[[ Data below open ]]

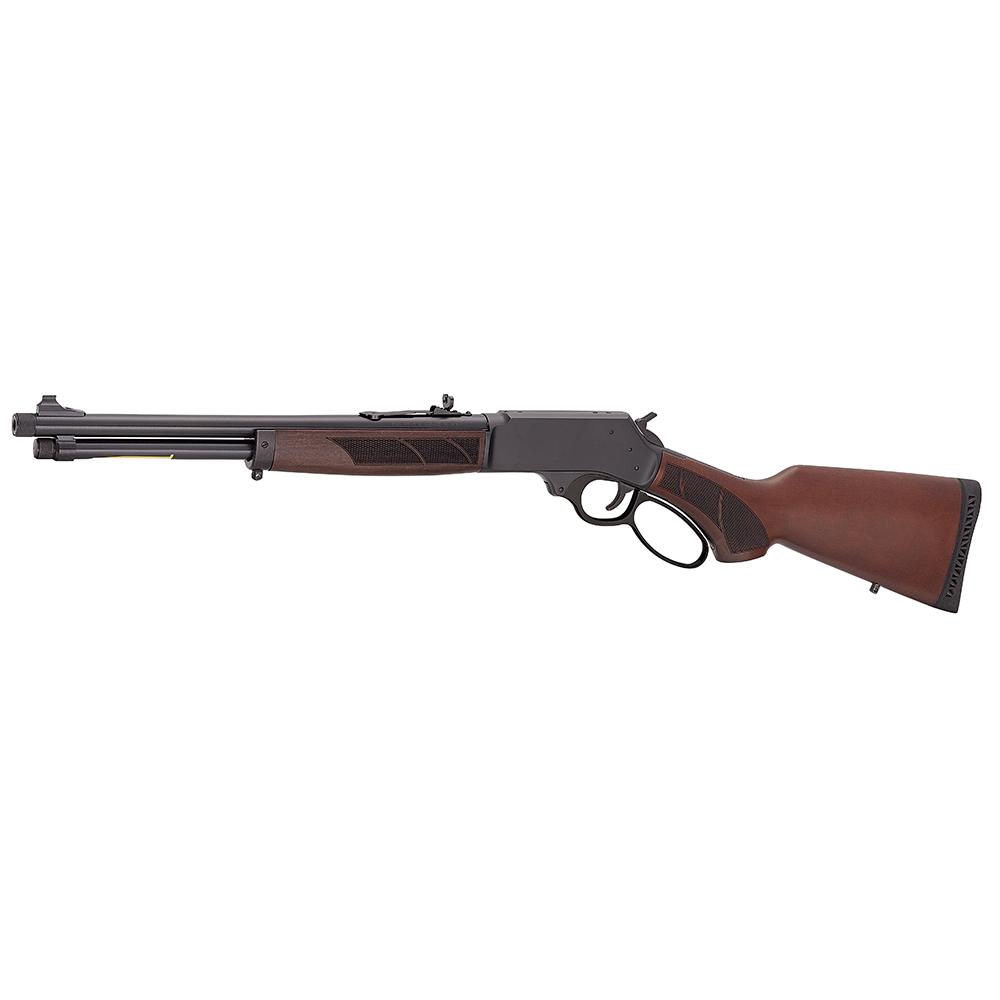 Henry H9 Protector Carbine Rifle .30-30 Win 4rd Capacity 16.5" 5/8x24 Threaded Barrel Walnut Picture of Henry Repeating Arms Company Henry H9 Protector Carbine .30-30 Win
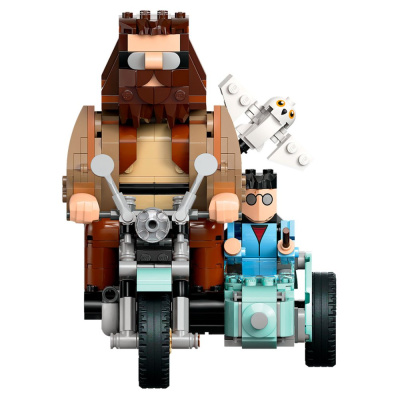 Конструктор Lego Harry Potter 76443 Поездка Хагрида и Гарри на мотоцикле 03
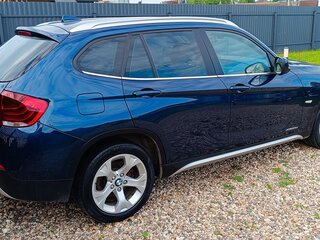 2009 BMW X1 23d I (E84), синий, 1580000 рублей, вид 5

[[ Data below closed ]]

*Problem statement*.
Reproduce the listing verbatim, and keep the pictures out of the copy.

*Response area*.
 Henry H9 Protector Carbine Rifle .30-30 Win 4rd Capacity 16.5" 5/8x24 Threaded Barrel Walnut Picture of Henry Repeating Arms Company Henry H9 Protector Carbine .30-30 Win
 Конструктор Lego Harry Potter 76443 Поездка Хагрида и Гарри на мотоцикле 03
 2009 BMW X1 23d I (E84), синий, 1580000 рублей, вид 5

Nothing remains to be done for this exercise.